新章です。が、この章は、閑話的な扱いになる予定です。

 中空に無数に漂う水蒸気の塊。

 人々はそれを『雲』と呼ぶ。

 ある者は、その上に乗る事を想い夢見る。彼らは、心だけで自由に大空を駆けることで、仮初の空中散歩を楽しんだ。

 またある者は、その中に失われた古代都市の存在を想い、見果てぬ想像の世界に血沸き肉踊らせた。

 時空の歪み、異世界への門としての機能を付与し、生涯そこを目指す事を心に決め、その工程を一見空虚な努力と共に愉しんだ者もいる。

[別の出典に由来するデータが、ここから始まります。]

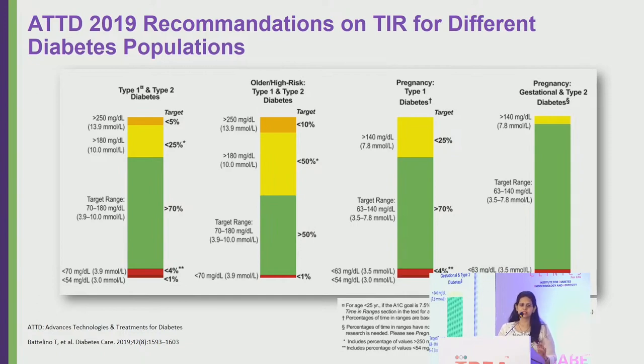For high-risk individuals with CKD, CLD, or older patients where hypoglycemia prevention is paramount, the targets are adjusted: time in range only needs to be above 50%, time above 150 should be below 50%, time above 250 below 10%, and time below 70 below 1%.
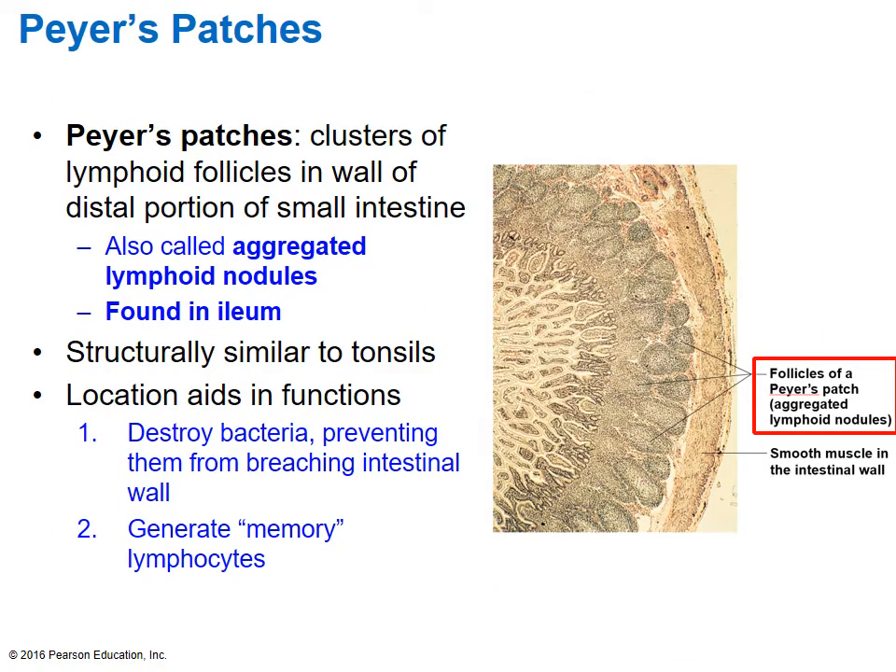The next MALT to explore is Peyer's patches, found in the ileum — the end part of the small intestines. Anatomically they're similar to tonsils, with little sinuses filled with white blood cells, and their purpose is to destroy pathogens — primarily bacteria — that have made their way into the digestive system. Peyer's patches can also generate memory lymphocytes, meaning they keep track of pathogens they've been exposed to, so in the future the mechanism of action is ready and there will be a much quicker response.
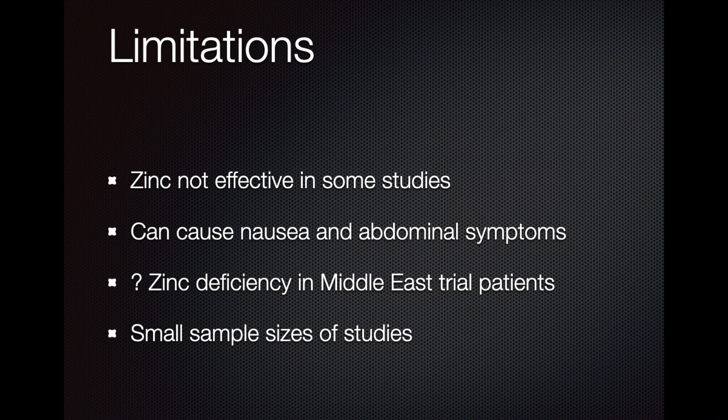The studies also had very small sample sizes. Therefore, well-designed and large-scale studies are required to identify the optimal regime and the correct dosage for zinc in viral warts.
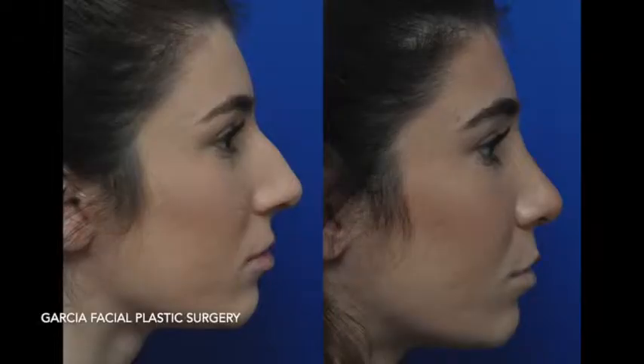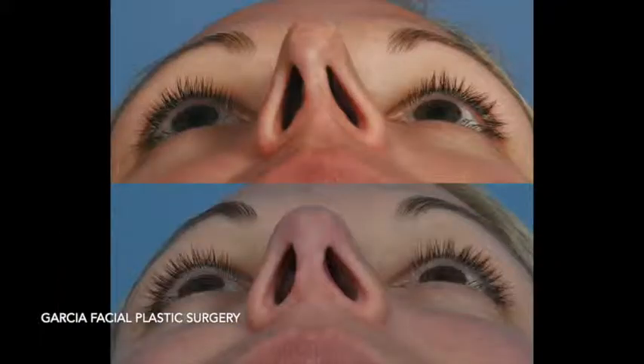Patients typically ask when they will see improvement in breathing after rhinoplasty, and it varies from one patient to the next. We perform rhinoplasty not only to improve the cosmetic appearance of the nose but also to improve its function. The breathing improvement typically takes a few weeks, though most patients notice an improvement the day after surgery once the nose is cleaned.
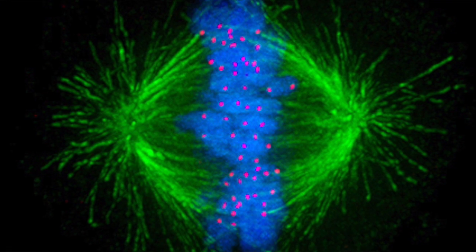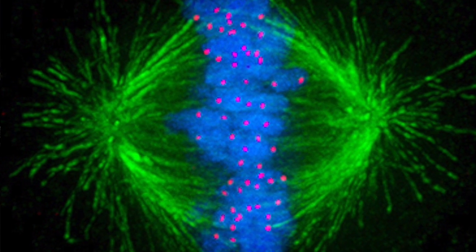Microtubules build different structures. A beautiful structure that microtubules build is a mitotic spindle — really like a spindle where you have dynamic microtubules that organize and grow and shrink and capture chromosomes and pull them apart in order for cells to divide. So microtubules are polymers that are essential for life of the cell in many cellular processes.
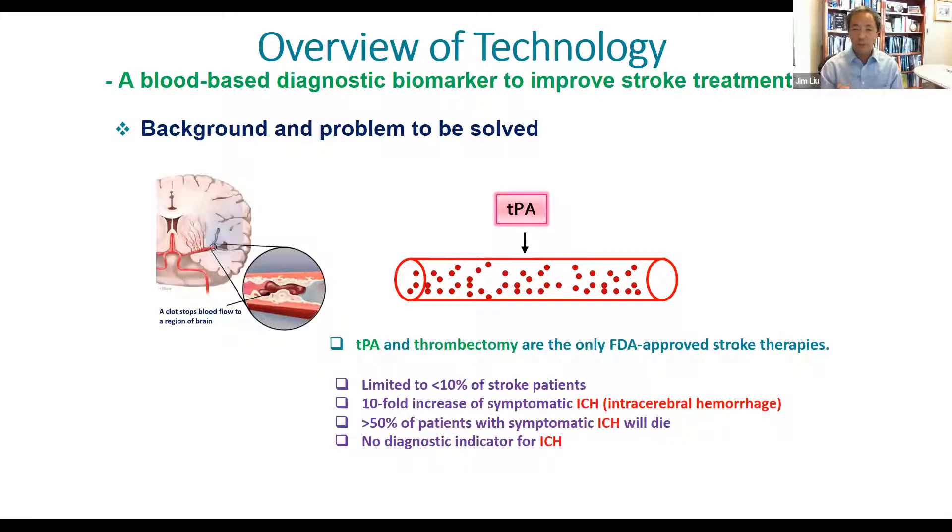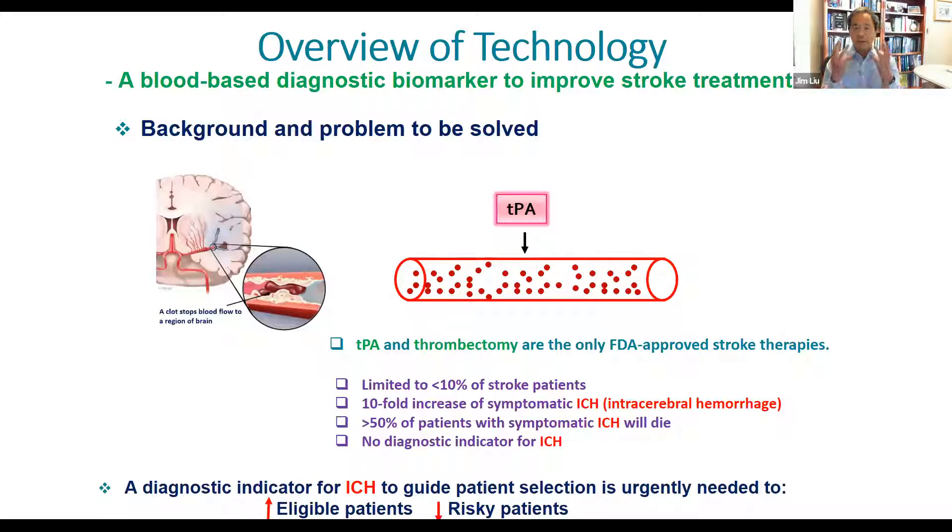The problem is that both TPA and thrombectomy can only be used within a very short time window. As a result, only less than 10% of patients, even in the best US hospitals, receive those approaches. In other words, more than 90% of patients are not treated. And even for those who are treated, there is a tenfold increase in so-called intracerebral hemorrhage or bleeding, which may cause half of those people to die.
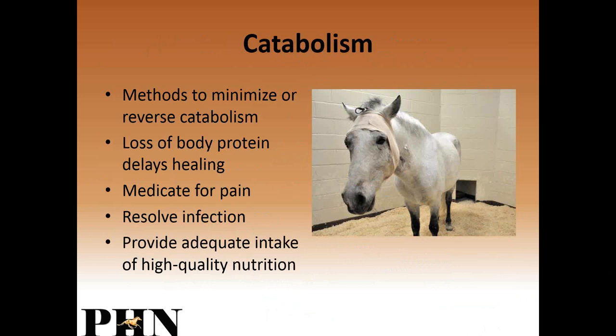We need to use methods to minimize or reverse this catabolism. We don't want the body breaking down its own tissues — losing body protein really delays healing. When you can alleviate pain, first with medications and then with natural anti-inflammatories, the animal's appetite will increase indirectly. We also need to resolve any infection that may be occurring and provide adequate, high-quality nutrition.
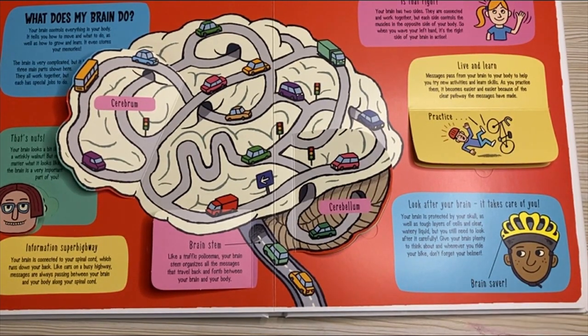Brain saver. Your brain is protected by a skull as well as tough layers of cells and clear, watery liquid, but you still need to look after it carefully. Give your brain plenty to think about, and whenever you ride your bike, don't forget your helmet.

 だが、その様々な試みは、妄想の中でのみ行われた。極一部の人間を除いては。

 今、少年ファルガと少女レーテは、今まさにそのマイノリティの領域に足を踏み入れようとしていた。

 そもそも、空を飛ぶのも初めての経験。上空から自らの暮らしていた都市を眺めるのも初めて。レーテが何時もツテーダ夫妻の小屋の屋根から眺めていた湾も、高所からの景色ではあるが、上空からではなかった。

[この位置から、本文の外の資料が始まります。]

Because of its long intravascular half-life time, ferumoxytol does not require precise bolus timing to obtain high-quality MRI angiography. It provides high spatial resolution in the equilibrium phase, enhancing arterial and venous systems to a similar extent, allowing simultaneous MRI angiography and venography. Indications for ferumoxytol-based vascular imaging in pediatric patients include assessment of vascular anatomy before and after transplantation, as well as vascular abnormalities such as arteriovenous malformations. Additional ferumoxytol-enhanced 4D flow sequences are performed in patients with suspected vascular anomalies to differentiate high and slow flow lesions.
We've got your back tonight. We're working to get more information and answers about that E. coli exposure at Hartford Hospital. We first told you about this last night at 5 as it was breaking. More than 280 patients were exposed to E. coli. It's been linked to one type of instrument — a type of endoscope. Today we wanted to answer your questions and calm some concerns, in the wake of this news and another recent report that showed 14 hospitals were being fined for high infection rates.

 眼下の海面は、余りに上空からの眺め故、波打つ水面ではなく、蒼く広大なスクリーンにしか見えない。そして、そこに円盤や雲の影が映し出されている。途轍もなく大規模な影絵遊びだ。もっとも、少女の理解はそのような子供心溢れた代物ではなかったが。

 少女にとって、眼前に広がるそれは、唯々圧倒される光景でしかなかった。見たことのない光景は、少女に描写の術を失わせ、溜息をつかせるだけだった。

 片やファルガはといえば、眼下ではなく進行方向に目を奪われていた。

 幾つもの弾力のありそうな白い塊の脇を抜けるが、その塊にもし当たったとしたら、痛みなく優しく押し戻されるのではないか。

 そんな場面をイメージしてはどぎまぎしていた。

 口に含むと綿飴のように甘いまでとは流石に思わないが、羽毛のように柔らかそうな白い物体は、これまた想像を掻き立てる。そして、たまに触れる雲の縁を体に浴びては、『雲には触れず、冷たい物』と認識はするのだが、何度も見ているうちに同じような妄想に取り憑かれる。

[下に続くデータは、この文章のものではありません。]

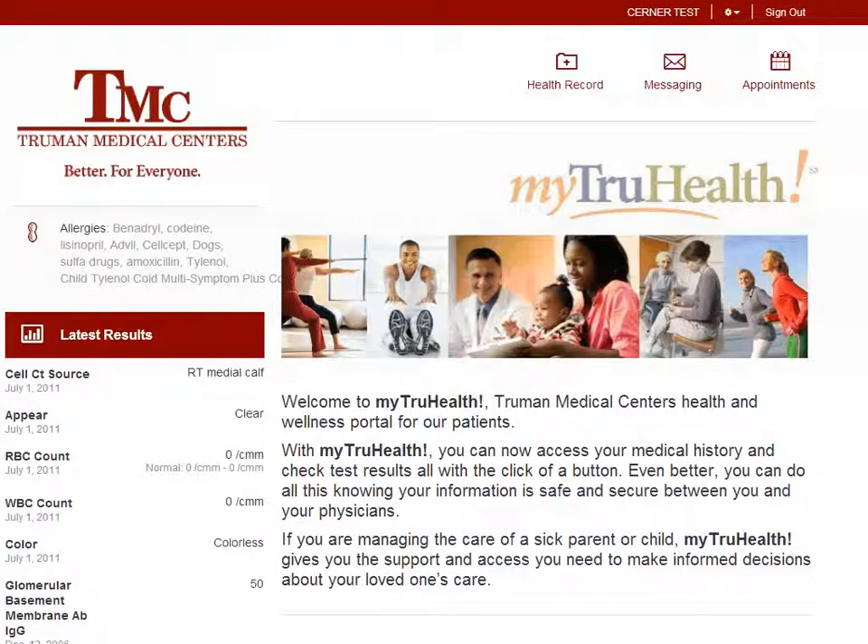The MyTrueHealth home screen allows patients to see their medical health records, view messages, request appointments, and view lab results and pay bills from Truman Medical Center. Patients can access their health records, messages, and appointments by clicking on the icons at the top right side of the home screen.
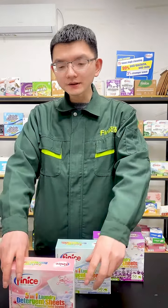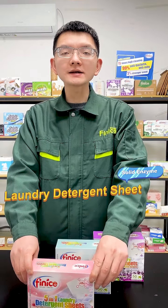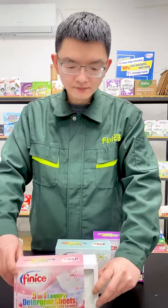Hello, I'm Peter. This is the 5-in-1 laundry detergent sheet with solid enzymes. Now I will show you.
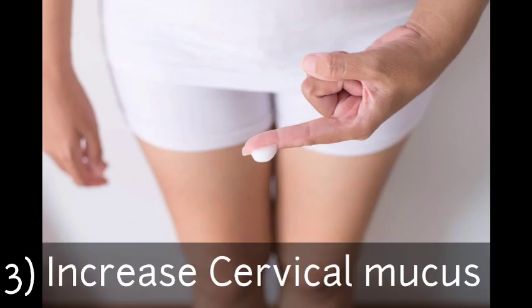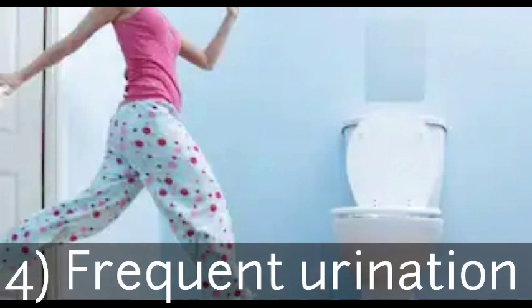Three: increase in cervical mucus. The cervix releases more white blood cells to fight against infection during pregnancy. There is a surge in hormones and blood flow to the uterus, cervix, and vagina increases, causing increased cervical mucus discharge. You may notice it on your panties. In early pregnancy it may be sticky, pale yellow, or white.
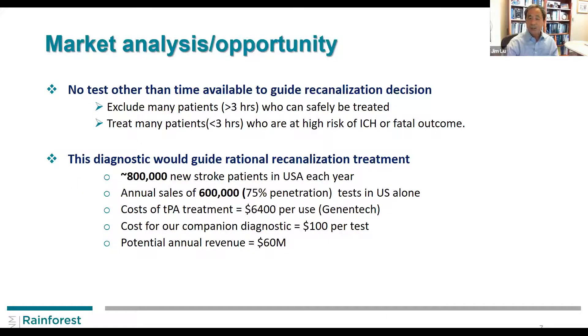Market analysis: there are a large number of stroke patients — millions per year — so the annual test volume, even at 75% penetration, is more than half a million people. Currently, TPA treatment costs more than $6,000, and overall this is a billions-of-dollars market. In comparison, our companion diagnostic is very simple and probably costs about a hundred dollars to initiate the test, yet operates in a multi-billion dollar market.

 彼も少女レーテと同様、上空から周囲を見るのは初めての事だった。

 師であるズエブと共によく見ていた仕事後の夕日も、あくまで地上から見ていた空を伴う美しい景色に過ぎない。今目の当たりにしている景色は、自分の想像の範囲を大幅に超えていた。

 雲。それを題材にして自由に妄想するのは、子供から大人まで自由なのだ。

 彼は、雲に触れた際の柔らかそうな感触を妄想し、悦に入っていた。

 今まで経験した藁にシーツを被せたベッドよりも、羊の毛が沢山用いられた布団よりも柔らかくて、寝心地が良さそうだ。シーツに雲を詰め込めば、どんな高級な布団より寝心地がよいベッドができるに違いない。

 だが、そんな妄想も、眼前に立ち上る巨大で縦長の雲の存在を目の当たりにし、胡散霧消させる少年ファルガ。

(他の雲とは違う!)

 それがファルガとレーテの感想だった。

 色形は他のものと変わらず、ただその巨大な姿をしているだけの雲。だが、それは彼らの背筋に何か冷たい物をあてがった様な錯覚を与えた。

 上空は非常に風が強い。ともすれば、飛天龍上の人間を遠くに弾き飛ばしかねない程の突風が吹き荒ぶ。だが、何故かその巨大な雲の塊の傍に来た瞬間、無風になった。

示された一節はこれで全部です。